En trois ans, le Centre des Urgences de Yaoundé enregistre 773 morts

C’est le journal camerounais Expression économique qui donne ces chiffres.

Le chiffre donne froid au dos. Le Centre des Urgences de Yaoundé qui enregistre 773 décès en trois ans. « 10% et 50% de ces décès surviennent avant l’arrivée à l’hôpital. Le nombre de patients arrivés décédés est crescendo de 2015 jusqu’à 2018 ». Peut-on lire dans le journal.

On recense 15 cas en 2015, 165 en 2016, 228 en 2017, et 365 cas pour les 11 mois déjà écoulés de l’année 2018. « Les décès par mort subite font partie intégrante de ces données, mais n’ont pas de substratum anatomo-pathologique puisque les autopsiés ne sont pas systématiques », précise cet établissement hospitalier.

Tranche d’âge

La tranche d’âge la plus active de 20 à 49 ans représente 46%. La majorité des patients arrivés en arrêt cardiorespiratoire (91,9%) résident dans la ville de Yaoundé. Le moyen de transport le plus utilisé pour le transfert au Cury est le taxi, soit 75.3%. Seuls 2 patients sont emmenés en ambulance.

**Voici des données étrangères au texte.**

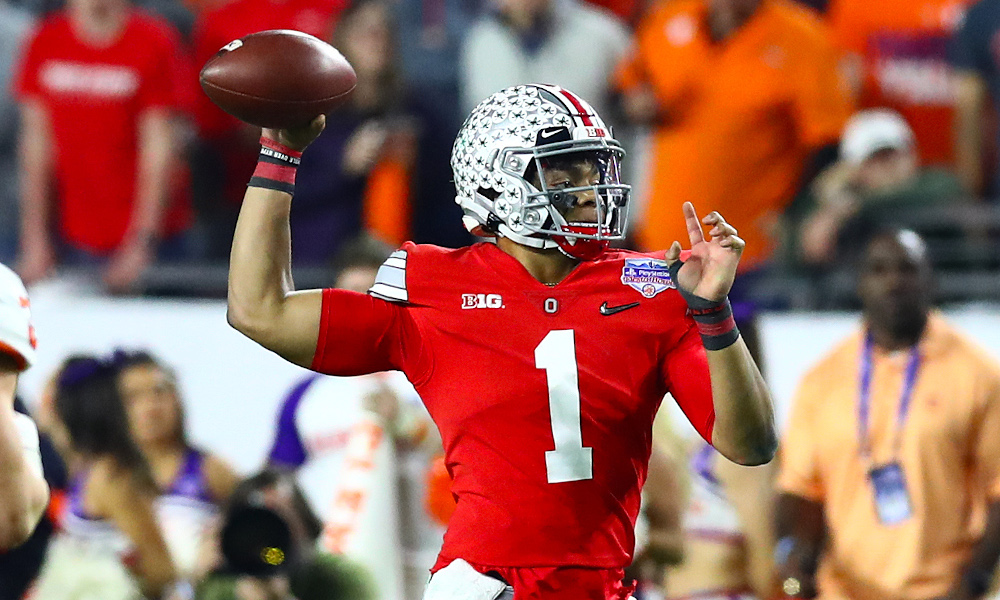 Justin Fields of Ohio State attempting a pass during 2019 CFP semifinal matchup (Fiesta Bowl) versus Clemson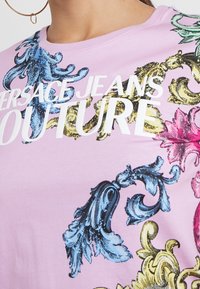 Růžové tričko s propracovanými modrými, žlutými a růžovými barokními vzory. Tučný bílý text „VERSACE JEANS COUTURE.“ Měkký bavlněný materiál.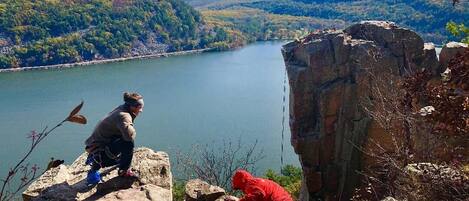 A person in a red jacket climbing a rocky cliff overlooking a lake.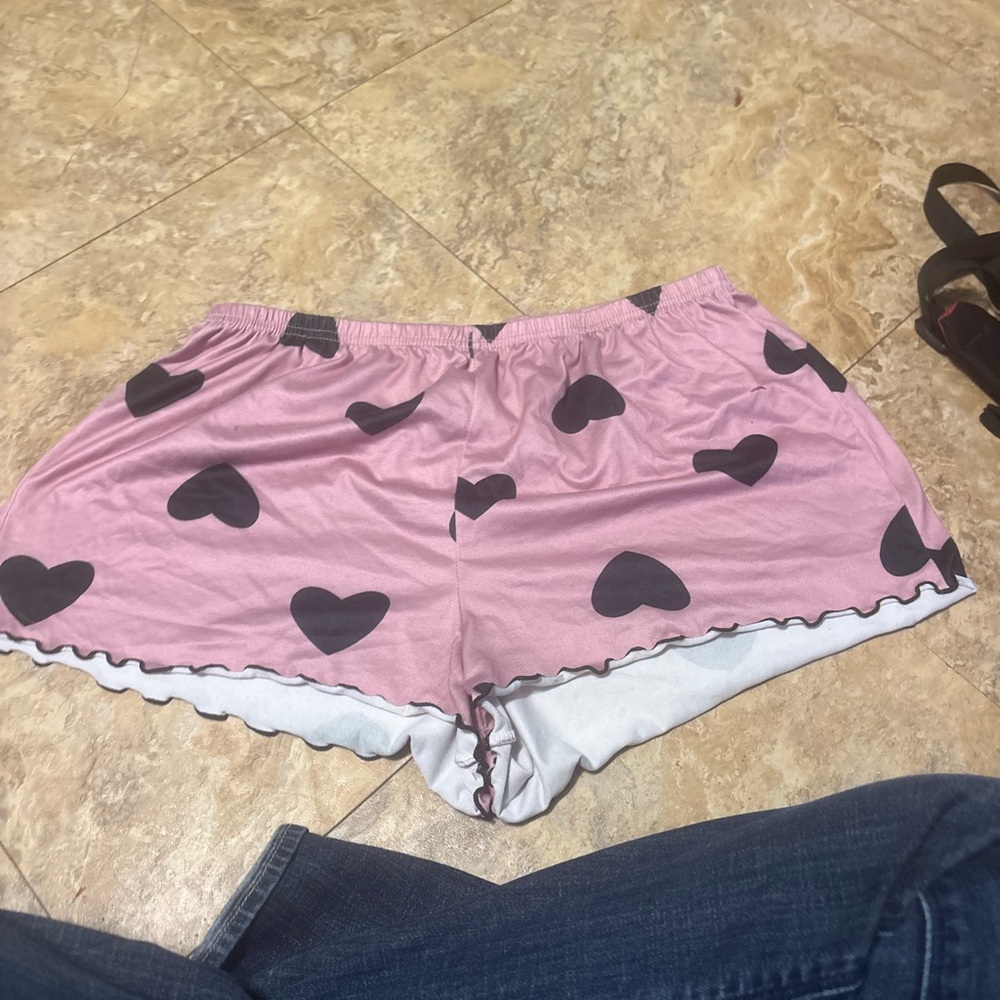Pink with black hearts. Size large.
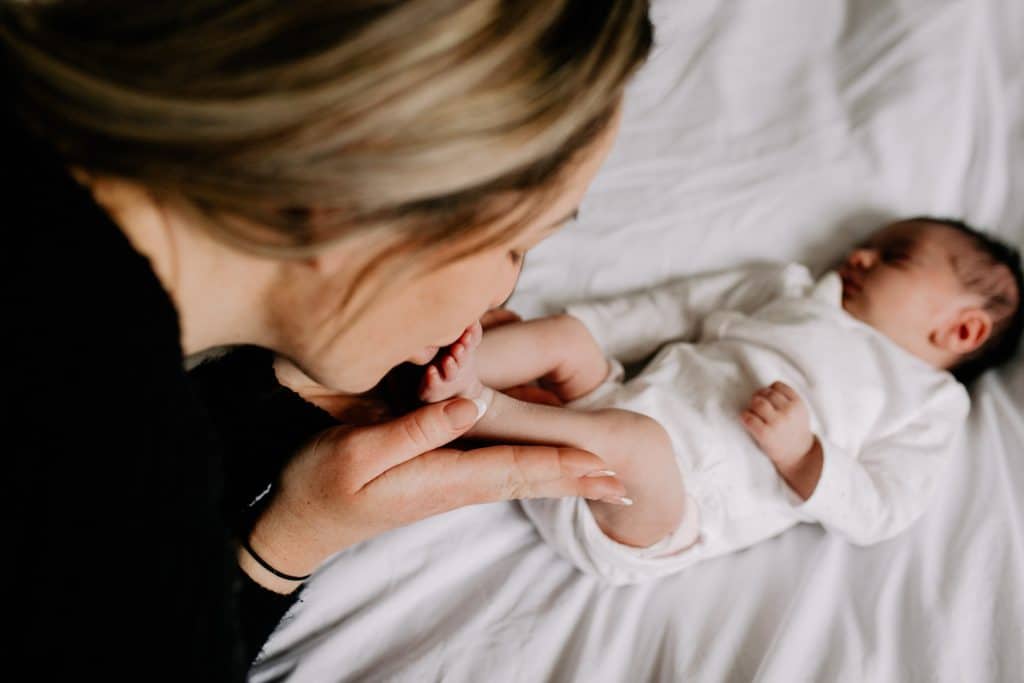 mum is kissing newborn baby girl feet. lovely natural moment of motherhood. Hampshire photographer. Ewa Jones Photography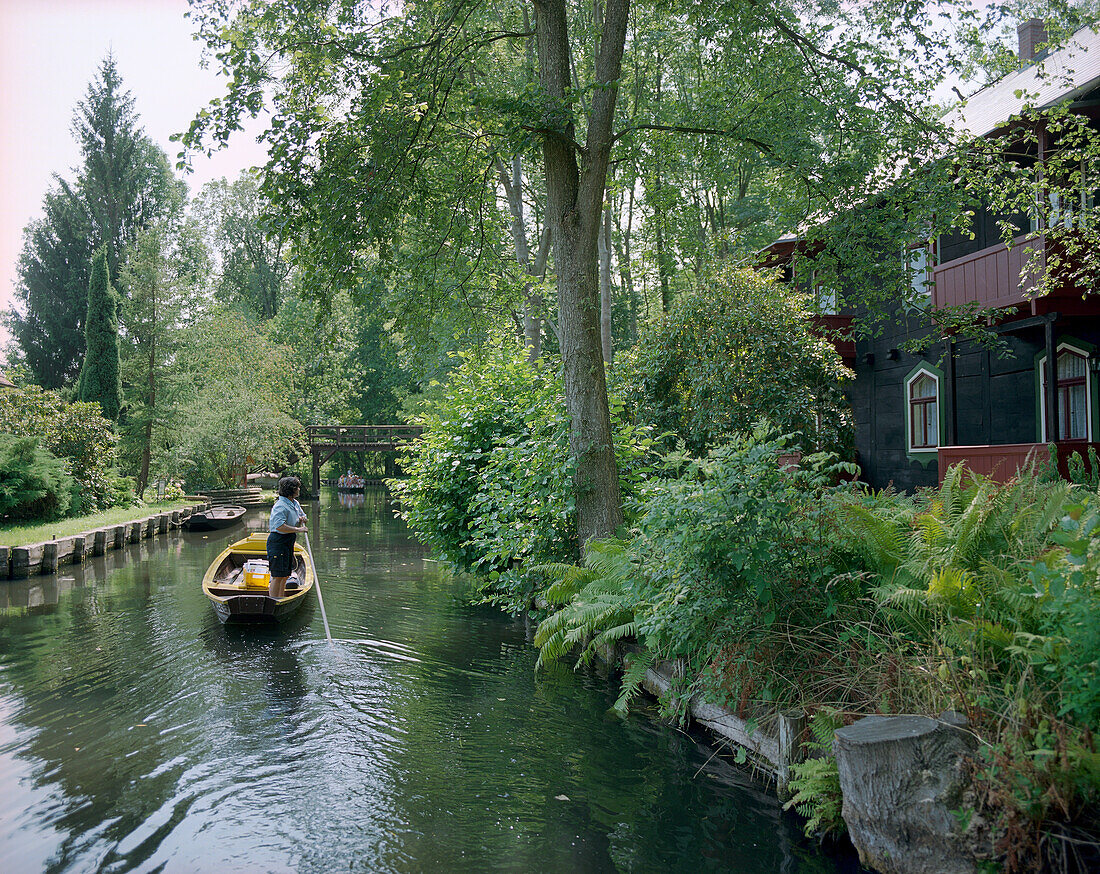 Jutta Prudenz, Germany`s only postwoman, who uses a punt to deliver mail; here in village of Lehde, Upper Spreewald, Spreewald, Brandenburg, Germany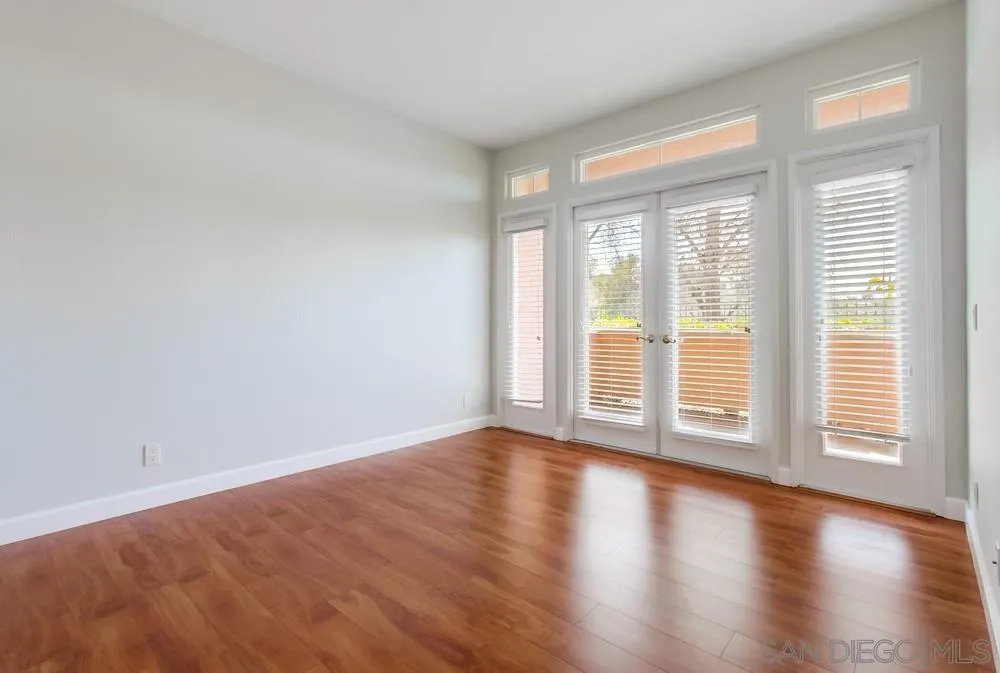 3525 Cameo Drive, Unit 92 Oceanside, CA 92056 - Photo 23 of 43 a view of an empty room with wooden floor and a window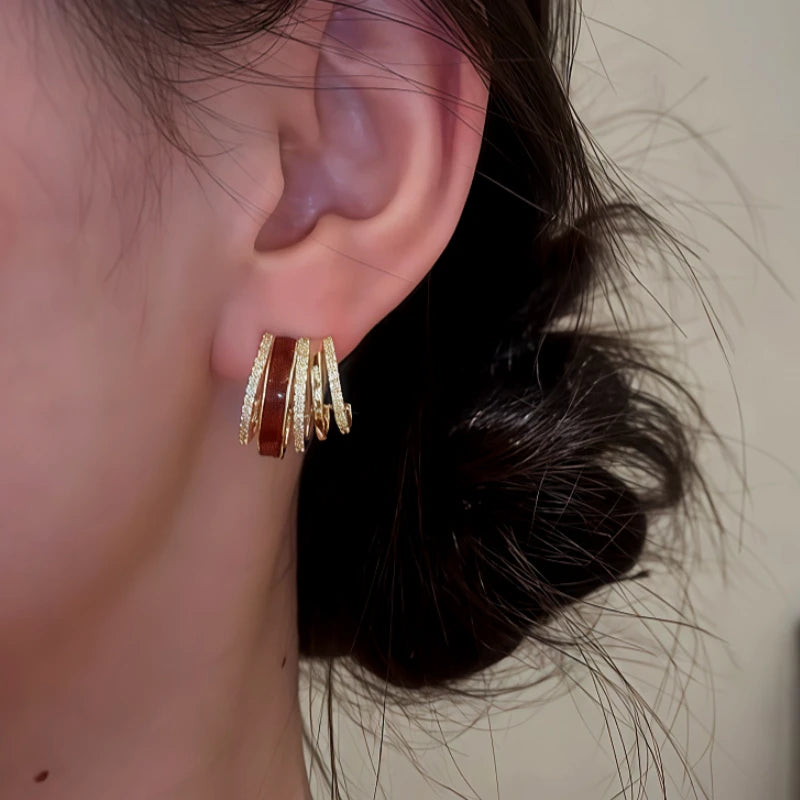 Model showcasing the dangle and style of the 14K Gold Plated Zircon Drip Glaze Multi-Layer C-Shaped Earrings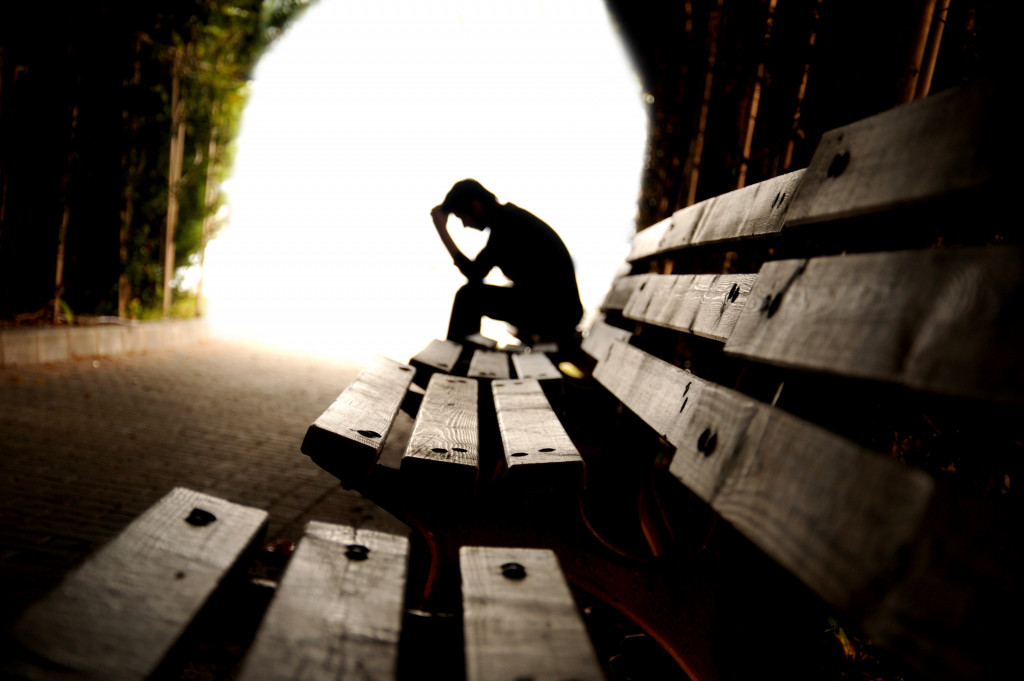 Depressed man sitting on a bench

Selon le journal, les patients âgés décèdent plus de pathologies non traumatiques. « Il est bon de noter que le port de casque chez les motocyclistes n’est pas systématique dans la ville de Yaoundé ». Rappelle-le journal.

Prévention

Ce faible taux de transport médicalisé contribue à aggraver les lésions dangereuses. Notamment médullaires, vasculaires et nerveuses, assombrissant davantage le pronostic du patient.

Comme prévention, le Centre des Urgences recommande de contrôler l’hypertension artérielle, d’équilibrer le diabète, d’arrêter le tabac. De contrôler des dyslipidémies, de diminuer la consommation d’alcool, de réduire la surcharge pondérale.

Mort subite

Le centre recommande aussi, un dépistage dans l’entourage des patients décédés de mort subite. Il s’agit de rechercher, la cardiopathie génétique notamment la cardiopathie hypertrophique, et éduquer les conducteurs et renforcer la prévention routière.

Des efforts qui réduisent à coup sur, le nombre d’arrivés décédés lié aux traumatismes d’origine accidentelle. Autre piste à développer, c’est le déploiement des défibrillateurs automatiques dans tous les lieux de grand public.